Without this important metric, your team won’t be able to know if a pricing strategy is going to make money at all!
That could be an expensive oversight, so make sure your estimate of COGS is as accurate as possible.
The Power of Price
The price of your product or service can make a big difference in the market you operate in. Once your team has figured out your COGS, you can start looking at the market for strategic opportunities. Have a look at your competitors, and see how much they can charge for a product that is in direct competition with yours.
If your company wants to expand its market share, it may be able to do it by beating the competition on price. You will need to know how much your competitors have to charge to break even, and in some cases it will be possible to grow your way to dominance in your market.
But be careful of going too low, even if you are able to beat out your competition. There are psychological associations between quality, price and consumer pleasure. If you go too low in an attempt to edge a competitor out if the market, your company runs the risk of appearing like a cheap product, and damaging your brand.
This isn’t a straightforward matter, and there is a lot of market research that needs to be done before your company decides to try and use low prices to expand market share, or triumph over a competitor.
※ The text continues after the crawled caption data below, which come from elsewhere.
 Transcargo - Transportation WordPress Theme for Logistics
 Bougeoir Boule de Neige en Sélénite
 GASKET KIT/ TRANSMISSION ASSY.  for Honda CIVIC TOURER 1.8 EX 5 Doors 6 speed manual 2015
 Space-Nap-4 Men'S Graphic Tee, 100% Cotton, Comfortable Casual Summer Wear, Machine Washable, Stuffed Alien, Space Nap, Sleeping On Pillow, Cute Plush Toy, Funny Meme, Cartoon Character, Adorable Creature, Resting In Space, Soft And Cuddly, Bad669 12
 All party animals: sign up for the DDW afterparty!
For example, if your company makes a generic cleaning product, then moving your product at low prices could easily get you the expanded customer base you want. But on the other hand, if your company makes organic body soap, aggressive low prices may just end up hurting your brand image.
Stay On Top
When new competition enters one of your established markets, or there are inflationary pressures, your company needs to know how to use pricing to defend itself. The most important thing is knowing your costs, so your team can offer the best prices possible.
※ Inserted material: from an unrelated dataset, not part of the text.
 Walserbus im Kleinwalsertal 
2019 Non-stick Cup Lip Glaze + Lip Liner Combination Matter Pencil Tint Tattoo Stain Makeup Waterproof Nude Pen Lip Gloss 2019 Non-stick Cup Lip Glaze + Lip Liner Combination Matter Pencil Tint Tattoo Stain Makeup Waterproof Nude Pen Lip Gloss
In an inflationary environment, or economic downturn, your customers will be looking for the best prices on the market. Consumers will remain loyal to favorite brands to a point, but making sure that your product or service is delivered at the best price level will help people to keep buying it, and not look for substitutes. Here are 5 ways you can keep your customers loyal to your brand.
This can be tricky when it comes to maintaining a brand identity, and that is why major brands choose to sell smaller package sizes when inflation starts to bite. No one wants to pay more, and the first company that has to up their price risks alienating customers.
Look For Opportunities
Keeping a close eye on profitability can also be a benefit when it comes to making sure that your company makes as much as it can on every sale. In many cases, the amount of revenue your company produces may not be as sensitive to price as you might think. While it may seem counter intuitive, in some markets, a higher price will actually generate more sales.
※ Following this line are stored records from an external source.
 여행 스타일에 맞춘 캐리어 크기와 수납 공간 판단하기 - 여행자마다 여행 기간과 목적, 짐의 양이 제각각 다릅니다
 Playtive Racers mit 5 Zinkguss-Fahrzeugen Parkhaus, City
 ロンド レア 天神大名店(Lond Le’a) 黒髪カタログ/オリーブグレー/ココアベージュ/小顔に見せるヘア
According to recent Psychological research on consumer spending habits, in the absence of easily comparable features and benefits, many buyers use price to determine the quality, and thus the value of a product.
If we look at the above example of budget friendly cleaning product and luxury body soap, for the former a higher price is more likely to hurt sales, but for the latter, a price bump may attract new clients.
Luxury body soap is a product that relies heavily of a buyers perception of quality, and not necessary on the value of the ingredients that it contains. Conversely, economic household cleaning products aren’t really dependent on the brand image, as much as they are on how well they work, and their cost.
A Complex Question
When pricing is looked at with an accountant’s attitude, there may be something lost. As the example above shows, in some cases a low price can be a benefit, while in others it can do damage to your brand identity.
Before your team decides on a price to hit the market with, it is a good idea to develop a comprehensive list of all your competitors, and their pricing structures. For B2C companies this shouldn’t be too hard, but for B2B, and especially B2B service companies, this can be a hassle.
In some cases there will be market research available to help your business get a handle on the competition, or in other cases it might be easier to do your own research. Keep in mind that a lower prices isn’t necessarily going to deliver higher sales, but it is almost always going to appear to be a low quality product, especially for new brands.